Ini menggambarkan kepada kita tentang pentingnya untuk meluruskan hal-hal yang ada dalam diri kita agar bisa mengikuti petunjuk Allah Subhanahu wa Ta’ala. Dan di sini diperlukan yang namanya kesabaran dalam menundukkan hawa nafsu di jalan Allah Subhanahu wa Ta’ala.

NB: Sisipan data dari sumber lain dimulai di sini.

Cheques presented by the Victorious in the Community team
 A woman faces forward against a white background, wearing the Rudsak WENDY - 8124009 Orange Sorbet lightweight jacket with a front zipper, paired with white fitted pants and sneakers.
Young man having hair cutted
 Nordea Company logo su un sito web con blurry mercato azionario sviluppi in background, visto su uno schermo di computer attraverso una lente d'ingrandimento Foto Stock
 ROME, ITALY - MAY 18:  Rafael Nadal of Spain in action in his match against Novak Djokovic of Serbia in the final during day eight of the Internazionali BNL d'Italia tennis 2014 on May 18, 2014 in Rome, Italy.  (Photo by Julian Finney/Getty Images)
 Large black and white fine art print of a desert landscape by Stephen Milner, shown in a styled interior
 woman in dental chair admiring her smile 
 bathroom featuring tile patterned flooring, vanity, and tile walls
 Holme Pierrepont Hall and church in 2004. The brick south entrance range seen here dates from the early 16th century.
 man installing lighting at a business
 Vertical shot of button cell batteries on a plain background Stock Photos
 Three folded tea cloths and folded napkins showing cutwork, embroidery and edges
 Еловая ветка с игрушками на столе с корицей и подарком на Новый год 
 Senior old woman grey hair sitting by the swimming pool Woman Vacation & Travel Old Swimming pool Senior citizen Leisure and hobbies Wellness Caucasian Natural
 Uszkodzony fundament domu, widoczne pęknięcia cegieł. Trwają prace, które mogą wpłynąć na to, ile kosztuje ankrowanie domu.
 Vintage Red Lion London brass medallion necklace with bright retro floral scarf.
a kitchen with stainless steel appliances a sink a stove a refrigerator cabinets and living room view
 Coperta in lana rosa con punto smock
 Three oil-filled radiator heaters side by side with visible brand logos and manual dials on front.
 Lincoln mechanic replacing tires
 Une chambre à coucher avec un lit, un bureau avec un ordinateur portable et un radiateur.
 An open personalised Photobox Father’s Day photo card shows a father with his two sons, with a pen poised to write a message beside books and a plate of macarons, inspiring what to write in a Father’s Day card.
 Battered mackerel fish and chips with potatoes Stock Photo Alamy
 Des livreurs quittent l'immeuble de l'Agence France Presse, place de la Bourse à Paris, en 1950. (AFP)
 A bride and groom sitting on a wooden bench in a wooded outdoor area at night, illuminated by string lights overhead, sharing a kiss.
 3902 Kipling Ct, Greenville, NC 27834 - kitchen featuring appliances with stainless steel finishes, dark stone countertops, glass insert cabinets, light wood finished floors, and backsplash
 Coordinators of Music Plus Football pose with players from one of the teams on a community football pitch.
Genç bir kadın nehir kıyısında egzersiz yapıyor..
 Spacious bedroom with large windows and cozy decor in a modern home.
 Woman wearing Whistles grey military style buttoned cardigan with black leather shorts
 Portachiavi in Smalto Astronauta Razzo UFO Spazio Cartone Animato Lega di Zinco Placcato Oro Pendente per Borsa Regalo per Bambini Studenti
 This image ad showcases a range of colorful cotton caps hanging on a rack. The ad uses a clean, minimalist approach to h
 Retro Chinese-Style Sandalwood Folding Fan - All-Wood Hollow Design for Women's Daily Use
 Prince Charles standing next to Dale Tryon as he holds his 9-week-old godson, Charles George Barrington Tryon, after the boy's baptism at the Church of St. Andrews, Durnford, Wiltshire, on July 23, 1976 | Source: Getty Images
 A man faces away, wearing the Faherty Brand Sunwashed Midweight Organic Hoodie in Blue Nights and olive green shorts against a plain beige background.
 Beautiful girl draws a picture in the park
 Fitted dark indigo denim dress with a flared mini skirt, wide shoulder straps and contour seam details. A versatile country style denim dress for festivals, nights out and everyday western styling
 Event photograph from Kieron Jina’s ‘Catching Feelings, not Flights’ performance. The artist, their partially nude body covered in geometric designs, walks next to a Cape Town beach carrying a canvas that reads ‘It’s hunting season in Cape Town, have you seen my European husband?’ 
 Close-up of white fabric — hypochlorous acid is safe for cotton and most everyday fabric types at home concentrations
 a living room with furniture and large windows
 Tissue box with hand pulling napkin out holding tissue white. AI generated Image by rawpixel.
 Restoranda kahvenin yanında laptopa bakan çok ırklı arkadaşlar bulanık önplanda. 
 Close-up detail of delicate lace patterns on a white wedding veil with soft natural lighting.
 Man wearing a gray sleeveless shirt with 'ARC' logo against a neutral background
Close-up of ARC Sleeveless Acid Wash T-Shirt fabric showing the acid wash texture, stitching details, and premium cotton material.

Ini kita sebutkan karena ini jalur satu-satunya untuk meraih takwa. Tidak akan terjadi seseorang itu bisa meraih ketakwaan yang sempurna kalau dia tidak melalui perjuangan menundukkan hawa nafsu di awal-awal dia berIslam. Sampai-sampai salah seorang ulama Salaf ada yang berkata:
انتهى سفر الطالبين إلى الظفر بأنفسهم.
“Akan selesai sampai kepada tujuan perjalanan orang-orang yang mencari ridha Allah ketika mereka telah berhasil menundukkan nafsu-nafsu mereka di jalan Allah Subhanahu wa Ta’ala.”